**Exercise:** Any picture must be dropped, but each line of the data should be duplicated exactly.

**Data extract:**
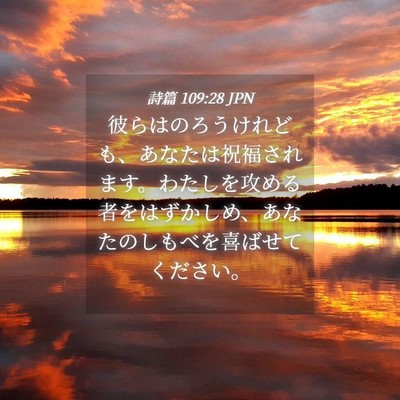 Picture 04 - 詩篇 109:28 JPN - 彼らはのろうけれども、あなたは祝 - Bible Verse Picture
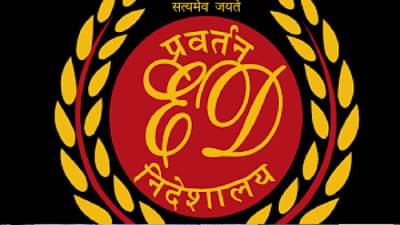 या बँकेनेच दिला ईडीला दणका, अधिकाऱ्यांसह ईडी कर्मचाऱ्यांवर थेट पोलिसात तक्रार
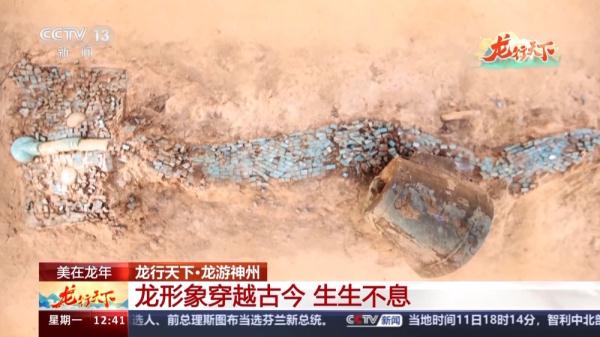 一头双身、盘曲如蛇，龙的雏形长啥样？一文带你领略龙形象的古今变化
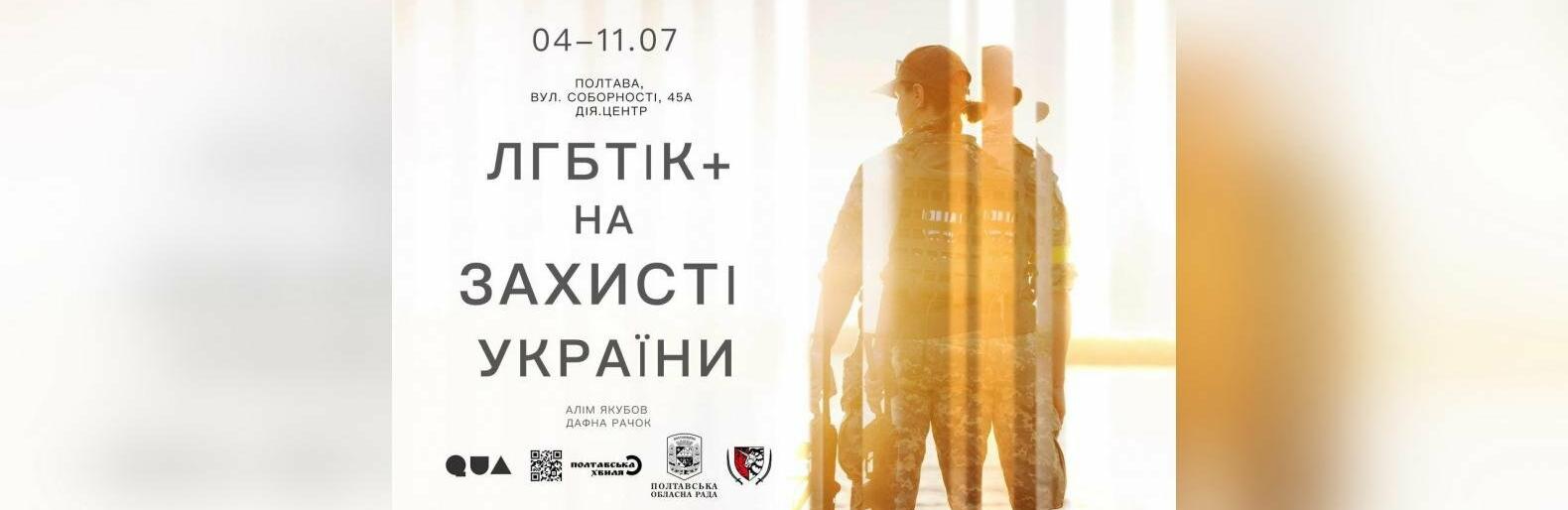 У Полтаві відкриється виставка портретів українських ЛГБТІК+ захисників та захисниць України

**Result:**
 Picture 04 - 詩篇 109:28 JPN - 彼らはのろうけれども、あなたは祝 - Bible Verse Picture
 या बँकेनेच दिला ईडीला दणका, अधिकाऱ्यांसह ईडी कर्मचाऱ्यांवर थेट पोलिसात तक्रार
 一头双身、盘曲如蛇，龙的雏形长啥样？一文带你领略龙形象的古今变化
 У Полтаві відкриється виставка портретів українських ЛГБТІК+ захисників та захисниць України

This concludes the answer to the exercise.